Recently I came across the case of Hink, a small business owner who is facing $400,000
in IRS penalties for 2004 and 2005 because of his participation in a section 412(i) plan.
(The penalties were assessed under section 6707A.)
In 2002 an insurance agent representing a 100-year-old, well established insurance
company suggested the owner start a pension plan. The owner was given a portfolio of
information from the insurance company, which was given to the company's outside CPA
to review and give an opinion on. The CPA gave the plan the green light and the plan
was started.
Contributions were made in 2003. The plan administrator came out with amendments to
the plan, based on new IRS guidelines, in October 2004.
The business owner's insurance agent disappeared in May 2005, before implementing the
new guidelines from the administrator with the insurance company. The business owner
was left with a refund check from the insurance company, a deduction claim on his 2004
tax return that had not been applied, and no agent.
It took six months of making calls to the insurance company to get a new insurance agent
assigned. By then, the IRS had started an examination of the pension plan. Asking
advice from the CPA and a local attorney (who had no previous experience in these
cases) made matters worse, with a "big name" law firm being recommended and over
$30,000 in additional legal fees being billed in three months.
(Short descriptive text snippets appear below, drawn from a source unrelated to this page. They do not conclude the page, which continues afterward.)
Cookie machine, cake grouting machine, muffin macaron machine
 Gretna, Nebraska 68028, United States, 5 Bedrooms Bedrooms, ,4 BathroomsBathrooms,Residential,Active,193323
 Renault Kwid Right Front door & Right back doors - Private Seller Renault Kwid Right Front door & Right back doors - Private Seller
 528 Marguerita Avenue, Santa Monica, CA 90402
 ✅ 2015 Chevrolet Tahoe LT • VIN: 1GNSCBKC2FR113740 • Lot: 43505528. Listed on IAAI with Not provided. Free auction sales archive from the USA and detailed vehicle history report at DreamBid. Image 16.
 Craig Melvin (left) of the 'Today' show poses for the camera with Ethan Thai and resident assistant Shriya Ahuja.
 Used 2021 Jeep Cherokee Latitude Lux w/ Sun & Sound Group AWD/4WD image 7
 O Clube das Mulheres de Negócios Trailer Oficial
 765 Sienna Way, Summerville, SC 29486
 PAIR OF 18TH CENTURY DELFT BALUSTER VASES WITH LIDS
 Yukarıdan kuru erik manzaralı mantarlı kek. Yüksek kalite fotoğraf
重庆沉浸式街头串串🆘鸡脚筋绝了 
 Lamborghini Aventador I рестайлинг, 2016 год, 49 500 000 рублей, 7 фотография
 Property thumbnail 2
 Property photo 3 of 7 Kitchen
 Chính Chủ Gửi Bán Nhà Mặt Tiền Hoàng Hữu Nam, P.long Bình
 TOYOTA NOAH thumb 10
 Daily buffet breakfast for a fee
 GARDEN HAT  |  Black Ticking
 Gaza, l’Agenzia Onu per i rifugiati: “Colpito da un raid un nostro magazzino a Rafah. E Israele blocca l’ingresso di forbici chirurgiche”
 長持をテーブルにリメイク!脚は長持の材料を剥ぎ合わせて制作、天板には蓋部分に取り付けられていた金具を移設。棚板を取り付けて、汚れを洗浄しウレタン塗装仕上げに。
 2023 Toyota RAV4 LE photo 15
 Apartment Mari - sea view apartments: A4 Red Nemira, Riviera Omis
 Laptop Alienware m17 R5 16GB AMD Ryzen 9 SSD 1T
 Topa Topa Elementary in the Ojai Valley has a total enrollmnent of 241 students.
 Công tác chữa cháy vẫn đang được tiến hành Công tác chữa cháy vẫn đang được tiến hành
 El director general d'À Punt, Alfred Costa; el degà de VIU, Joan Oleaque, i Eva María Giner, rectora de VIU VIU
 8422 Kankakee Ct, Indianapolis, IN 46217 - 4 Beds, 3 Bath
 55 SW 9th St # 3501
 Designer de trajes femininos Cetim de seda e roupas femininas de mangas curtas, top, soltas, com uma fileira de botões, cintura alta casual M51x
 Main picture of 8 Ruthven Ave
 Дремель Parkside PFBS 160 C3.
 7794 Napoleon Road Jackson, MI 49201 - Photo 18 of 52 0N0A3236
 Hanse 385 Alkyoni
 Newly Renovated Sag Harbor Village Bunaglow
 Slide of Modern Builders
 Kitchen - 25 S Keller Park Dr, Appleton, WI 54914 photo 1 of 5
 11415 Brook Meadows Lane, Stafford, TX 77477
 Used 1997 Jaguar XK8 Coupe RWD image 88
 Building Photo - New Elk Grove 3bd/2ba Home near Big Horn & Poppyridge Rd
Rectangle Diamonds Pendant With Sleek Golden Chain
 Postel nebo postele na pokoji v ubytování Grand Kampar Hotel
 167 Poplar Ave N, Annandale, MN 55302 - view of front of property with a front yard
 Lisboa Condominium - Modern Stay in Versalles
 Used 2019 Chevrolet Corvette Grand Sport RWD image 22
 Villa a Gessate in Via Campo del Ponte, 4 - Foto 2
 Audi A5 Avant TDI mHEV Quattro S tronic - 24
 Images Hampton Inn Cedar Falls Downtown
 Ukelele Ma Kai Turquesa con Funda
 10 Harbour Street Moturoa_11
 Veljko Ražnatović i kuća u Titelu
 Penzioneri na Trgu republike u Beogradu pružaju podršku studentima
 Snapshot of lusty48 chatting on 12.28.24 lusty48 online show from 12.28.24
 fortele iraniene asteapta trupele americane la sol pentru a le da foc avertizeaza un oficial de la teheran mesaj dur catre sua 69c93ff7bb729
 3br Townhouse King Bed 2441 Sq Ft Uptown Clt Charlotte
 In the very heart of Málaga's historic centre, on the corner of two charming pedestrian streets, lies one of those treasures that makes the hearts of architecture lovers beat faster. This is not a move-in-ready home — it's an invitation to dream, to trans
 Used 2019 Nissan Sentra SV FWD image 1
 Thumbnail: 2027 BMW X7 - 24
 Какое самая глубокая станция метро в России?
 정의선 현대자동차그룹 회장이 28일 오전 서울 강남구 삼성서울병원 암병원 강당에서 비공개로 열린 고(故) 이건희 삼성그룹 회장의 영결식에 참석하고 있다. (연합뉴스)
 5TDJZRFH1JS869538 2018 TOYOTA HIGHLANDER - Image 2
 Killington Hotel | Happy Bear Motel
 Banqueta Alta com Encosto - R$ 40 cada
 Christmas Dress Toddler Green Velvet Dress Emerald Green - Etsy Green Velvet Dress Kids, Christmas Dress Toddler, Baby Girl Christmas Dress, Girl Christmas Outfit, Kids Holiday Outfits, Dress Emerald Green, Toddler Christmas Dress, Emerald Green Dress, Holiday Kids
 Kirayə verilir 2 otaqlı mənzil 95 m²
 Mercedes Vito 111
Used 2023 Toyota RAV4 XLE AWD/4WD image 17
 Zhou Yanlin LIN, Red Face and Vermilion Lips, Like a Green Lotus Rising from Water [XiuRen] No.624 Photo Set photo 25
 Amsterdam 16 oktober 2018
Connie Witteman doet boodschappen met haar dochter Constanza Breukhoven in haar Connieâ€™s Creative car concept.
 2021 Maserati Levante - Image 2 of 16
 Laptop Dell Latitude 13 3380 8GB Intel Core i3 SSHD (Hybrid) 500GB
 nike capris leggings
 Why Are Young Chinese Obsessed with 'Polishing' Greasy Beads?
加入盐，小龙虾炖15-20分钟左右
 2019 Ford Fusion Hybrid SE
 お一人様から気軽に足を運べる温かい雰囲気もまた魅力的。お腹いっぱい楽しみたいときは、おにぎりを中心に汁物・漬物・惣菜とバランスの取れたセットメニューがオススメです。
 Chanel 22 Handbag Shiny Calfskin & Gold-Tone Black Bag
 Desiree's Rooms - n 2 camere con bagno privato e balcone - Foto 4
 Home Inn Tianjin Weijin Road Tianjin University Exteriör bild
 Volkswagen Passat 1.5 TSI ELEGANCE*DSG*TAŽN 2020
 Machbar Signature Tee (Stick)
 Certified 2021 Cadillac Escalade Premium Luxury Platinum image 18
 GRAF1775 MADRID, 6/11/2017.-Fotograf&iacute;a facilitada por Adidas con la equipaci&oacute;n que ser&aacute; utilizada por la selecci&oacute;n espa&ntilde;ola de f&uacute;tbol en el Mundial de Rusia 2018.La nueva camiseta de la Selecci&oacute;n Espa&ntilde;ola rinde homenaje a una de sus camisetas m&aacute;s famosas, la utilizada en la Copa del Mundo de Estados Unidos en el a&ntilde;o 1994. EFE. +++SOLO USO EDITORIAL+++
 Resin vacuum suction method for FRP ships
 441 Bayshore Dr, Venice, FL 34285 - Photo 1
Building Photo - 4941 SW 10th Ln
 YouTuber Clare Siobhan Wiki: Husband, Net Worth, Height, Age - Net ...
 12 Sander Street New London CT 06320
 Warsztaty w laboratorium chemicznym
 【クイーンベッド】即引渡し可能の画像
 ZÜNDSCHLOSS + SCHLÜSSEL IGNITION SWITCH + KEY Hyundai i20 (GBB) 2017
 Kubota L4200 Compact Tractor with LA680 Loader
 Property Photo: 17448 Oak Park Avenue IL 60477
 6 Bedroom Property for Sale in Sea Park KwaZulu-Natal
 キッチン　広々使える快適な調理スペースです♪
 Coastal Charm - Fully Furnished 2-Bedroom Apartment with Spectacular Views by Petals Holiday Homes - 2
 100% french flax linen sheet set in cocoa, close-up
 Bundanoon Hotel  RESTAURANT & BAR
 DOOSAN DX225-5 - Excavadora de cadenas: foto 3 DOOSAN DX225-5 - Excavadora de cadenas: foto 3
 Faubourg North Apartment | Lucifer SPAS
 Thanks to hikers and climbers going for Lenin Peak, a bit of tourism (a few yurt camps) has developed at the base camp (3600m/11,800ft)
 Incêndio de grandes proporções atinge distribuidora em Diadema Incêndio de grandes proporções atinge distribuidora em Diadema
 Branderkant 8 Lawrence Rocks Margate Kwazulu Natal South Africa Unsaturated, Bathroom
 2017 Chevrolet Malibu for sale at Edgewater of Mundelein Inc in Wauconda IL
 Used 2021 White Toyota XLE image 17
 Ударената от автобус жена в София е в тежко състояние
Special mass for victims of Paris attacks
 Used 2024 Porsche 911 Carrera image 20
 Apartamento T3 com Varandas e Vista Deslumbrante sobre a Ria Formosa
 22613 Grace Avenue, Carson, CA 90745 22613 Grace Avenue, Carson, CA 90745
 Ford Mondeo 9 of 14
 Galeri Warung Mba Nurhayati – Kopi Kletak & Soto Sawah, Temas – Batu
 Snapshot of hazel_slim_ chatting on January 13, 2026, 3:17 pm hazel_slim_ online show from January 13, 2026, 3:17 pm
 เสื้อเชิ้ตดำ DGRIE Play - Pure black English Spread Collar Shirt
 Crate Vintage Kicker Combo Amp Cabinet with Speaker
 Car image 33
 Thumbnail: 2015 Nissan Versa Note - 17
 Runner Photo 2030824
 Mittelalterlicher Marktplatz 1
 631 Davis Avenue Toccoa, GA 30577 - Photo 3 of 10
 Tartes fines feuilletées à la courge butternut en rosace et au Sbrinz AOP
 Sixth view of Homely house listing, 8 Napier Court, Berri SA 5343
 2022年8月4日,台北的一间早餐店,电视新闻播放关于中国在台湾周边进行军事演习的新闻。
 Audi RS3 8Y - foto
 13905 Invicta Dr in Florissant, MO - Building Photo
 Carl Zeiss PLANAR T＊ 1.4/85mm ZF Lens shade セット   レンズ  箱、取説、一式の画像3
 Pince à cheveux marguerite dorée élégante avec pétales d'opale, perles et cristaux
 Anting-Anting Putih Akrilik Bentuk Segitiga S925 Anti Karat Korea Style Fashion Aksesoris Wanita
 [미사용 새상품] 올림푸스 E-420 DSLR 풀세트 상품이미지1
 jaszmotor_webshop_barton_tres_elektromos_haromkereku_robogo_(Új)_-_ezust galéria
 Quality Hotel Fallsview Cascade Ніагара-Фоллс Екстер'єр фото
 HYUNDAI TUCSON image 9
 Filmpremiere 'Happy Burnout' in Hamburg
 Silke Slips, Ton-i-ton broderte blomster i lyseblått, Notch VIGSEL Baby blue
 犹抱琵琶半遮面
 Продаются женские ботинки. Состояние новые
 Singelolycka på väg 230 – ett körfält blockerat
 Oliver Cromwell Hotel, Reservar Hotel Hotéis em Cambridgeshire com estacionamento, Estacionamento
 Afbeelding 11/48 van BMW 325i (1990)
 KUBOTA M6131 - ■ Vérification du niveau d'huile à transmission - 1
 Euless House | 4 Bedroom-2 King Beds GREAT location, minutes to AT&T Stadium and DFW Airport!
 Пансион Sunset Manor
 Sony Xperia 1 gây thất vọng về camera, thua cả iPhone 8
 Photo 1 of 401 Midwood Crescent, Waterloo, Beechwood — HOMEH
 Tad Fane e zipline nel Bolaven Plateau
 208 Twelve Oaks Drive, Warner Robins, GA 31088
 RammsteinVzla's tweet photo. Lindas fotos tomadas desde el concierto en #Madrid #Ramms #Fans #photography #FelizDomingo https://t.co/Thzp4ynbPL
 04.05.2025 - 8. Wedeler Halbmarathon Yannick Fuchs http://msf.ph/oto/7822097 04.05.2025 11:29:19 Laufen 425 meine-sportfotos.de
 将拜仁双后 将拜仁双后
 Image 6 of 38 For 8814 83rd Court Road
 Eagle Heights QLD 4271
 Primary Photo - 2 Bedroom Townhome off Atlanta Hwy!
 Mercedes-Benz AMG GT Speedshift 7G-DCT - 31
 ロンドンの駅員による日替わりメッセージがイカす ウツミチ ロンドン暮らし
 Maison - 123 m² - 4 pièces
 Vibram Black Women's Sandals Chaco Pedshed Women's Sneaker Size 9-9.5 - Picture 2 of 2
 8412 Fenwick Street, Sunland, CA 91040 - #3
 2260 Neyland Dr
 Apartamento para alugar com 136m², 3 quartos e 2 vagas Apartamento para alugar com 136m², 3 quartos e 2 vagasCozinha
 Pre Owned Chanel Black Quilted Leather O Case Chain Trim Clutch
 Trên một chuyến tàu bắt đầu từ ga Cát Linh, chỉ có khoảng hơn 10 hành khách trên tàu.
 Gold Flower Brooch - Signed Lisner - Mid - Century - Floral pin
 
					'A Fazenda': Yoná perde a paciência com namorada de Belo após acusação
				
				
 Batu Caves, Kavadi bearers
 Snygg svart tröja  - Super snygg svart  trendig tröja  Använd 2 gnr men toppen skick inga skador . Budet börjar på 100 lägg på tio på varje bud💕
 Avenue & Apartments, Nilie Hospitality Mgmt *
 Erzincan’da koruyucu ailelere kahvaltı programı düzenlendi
To make a long story short, the audit stretched on for over 2 ½ years to examine a 2-
year-old pension with four participants and the $178,000 in contributions. During the
audit, no funds went to the insurance company, which was awaiting formal IRS approval
on restructuring the plan as a traditional defined benefit plan, which the administrator
had suggested and the IRS had indicated would be acceptable. The $90,000 in 2005
contributions was put into the company's retirement bank account along with the 2004
contributions.
In March 2008 the business owner received a private e-mail apology from the IRS agent
who headed the examination, saying that her hands were tied and that she used to believe
she was correcting problems and helping taxpayers and not hurting people.
The IRS denied any appeal and ruled in October 2008 the $400,000 penalty would stand.
The IRS fine for being in a listed, abusive, or similar transaction is $200,000 per year for
corporations or $100,000 per year for unincorporated entities. The
material advisor fine
is $200,000 if you are incorporated or $100,000 if you are not.
Could you or one of your clients be next?
To this point, I have focused, generally, on the horrors of running afoul of the IRS by
participating in a listed transaction, which includes various types of transactions and the
various fines that can be imposed on business owners and their advisors who participate
in, sell, or advice on these transactions. I happened to use, as an example, someone
in a section 412(i) plan, which was deemed to be a listed transaction, pointing out the
truly doleful consequences the person has suffered. Others who fall into this trap, even
unwittingly, can suffer the same fate.
Now let's go into more detail about section 412(i) plans. This is important because these
defined benefit plans are popular and because few people think of retirement plans as
tax shelters or listed transactions. People therefore may get into serious trouble in this
area unwittingly, out of ignorance of the law, and, for the same reason, many fail to take
necessary and appropriate precautions.
The IRS has warned against the section 412(i) defined benefit pension plans, named for
the former code section governing them. It warned against trust arrangements it deems
abusive, some of which may be regarded as listed transactions. Falling into that category
can result in taxpayers having to disclose the participation under pain of penalties,
potentially reaching $100,000 for individuals and $200,000 for other taxpayers. Targets
also include some retirement plans.
One reason for the harsh treatment of some 412(i) plans is their discrimination in favor
of owners and key, highly compensated employees. Also, the IRS does not consider
the promised tax relief proportionate to the economic realities of the transactions. In
general, IRS auditors divide audited plan into those they consider noncompliant and other
they consider abusive. While the alternatives available to the sponsor of noncompliant
plan are problematic, it is frequently an option to keep the plan alive in some form while
simultaneously hoping to minimize the financial fallout from penalties.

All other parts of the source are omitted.